しずかなアンテナ

哲学の瓦礫片のための場所。

書くこと

 コロナウイルスの感染拡大が始まる以前の時期に書いていたものを読み返したり思い返したりしてみると、どことなく軽やかさを帯びているというのか、現実からわずかに浮いたような文章を書くことができていたのだなと気づく。そのころは、今日はすこしばかりツヤやハリのある文章を書けたな、と満足することがあった。単純に気分に余裕があったのだろう。文章が現実からわずかばかり遊離していることを自分は悪しとは思わない。そうした成分が無ければ世の中は報告書と病的な妄想だけで終始してしまう。

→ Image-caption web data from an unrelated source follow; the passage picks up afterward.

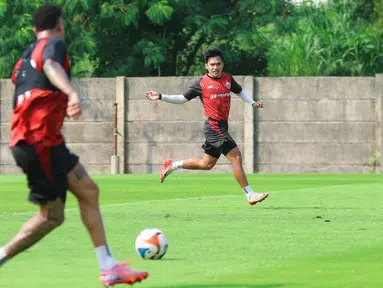 Pemain Persija Jakarta, Witan Sulaeman (kanan) saat mengikuti sesi latihan di Persija Training Ground, Bojongsari, Kota Depok, Jawa Barat, Kamis (7/5/2026). (Bola.com/M Iqbal Ichsan)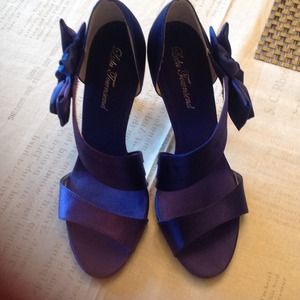 Lulu Townsend satin heels.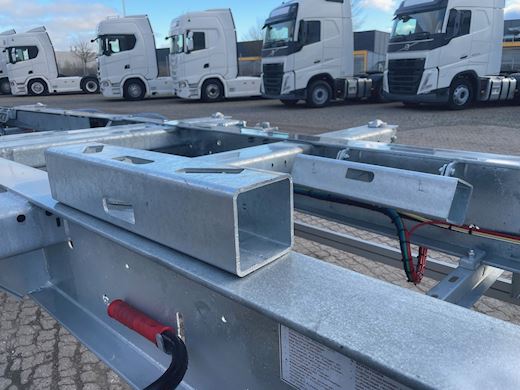 Hangler 3-aks 1x45/1x40/1x30/1x20/2x20 ADR Containerchassis - 14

 ところがいまはそういった文章がおおむね書けないとおもう。すくなくとも自然に、ひとりでに書き上がるようなことはほぼ無いとおもう。心理的に追い詰められているというほどではないけれど、現実と自分のあいだに全くといってよいほどアソビやスキマが無い。朝おきたら発熱や息苦しさが無いことを確認し、夕方仕事から帰宅するとまた熱や息苦しさの有無を確認する。息苦しくはないな、とわざわざ確認することでかえって息苦しくなっているようでもある。

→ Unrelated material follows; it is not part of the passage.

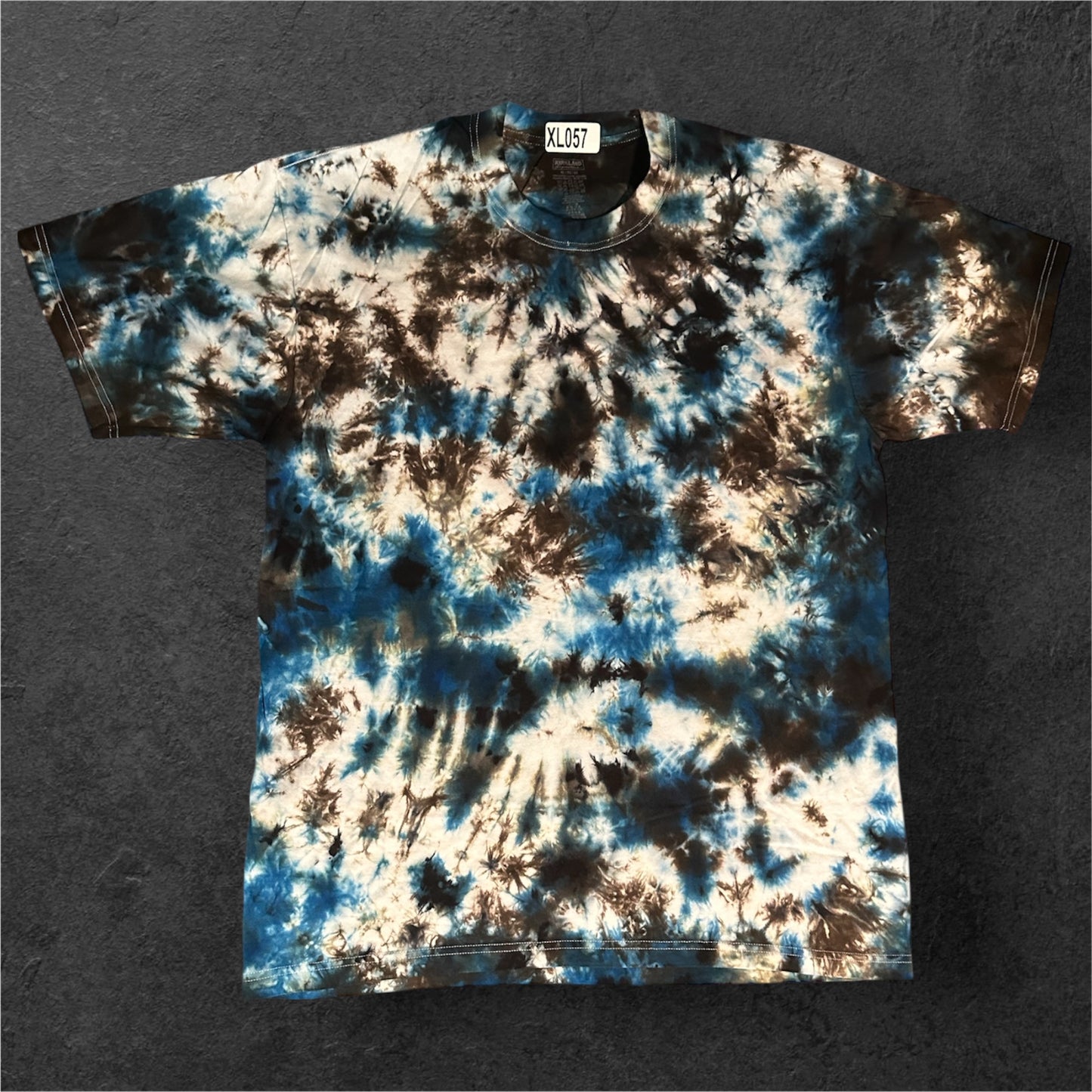 XL057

 かつては考える・書くといった営みに意義や意味がなかった。無意味だから自由で、軽やかだった。だからときどきは良いものが書けた。いまは、何を考えても書いても、すべて自分の存在や生存に直結しているという感覚から抜け出せない。リアルに考えている。丁寧に誠実に考え、書くことが、自分や他人の生死にわずかであれ貢献しうるという実感がある。それはあの悦ばしき無意味さから随分とおく隔たった態度であるとおもう。比喩的にも実際の意味でも、報告書ばかり書いている。それは、意味の無いものを書くよりももっと底抜けに無意味であるようにも感じる。現実がただただごつごつと生の地肌ですりつけられる。

 そしたら、どうしたらいいのか、わからない。悩んではいないが、困っている。とりあえずなお書くのがよいのかもしれない。書いたら残って、またのちのち読み返すことになるだろうから。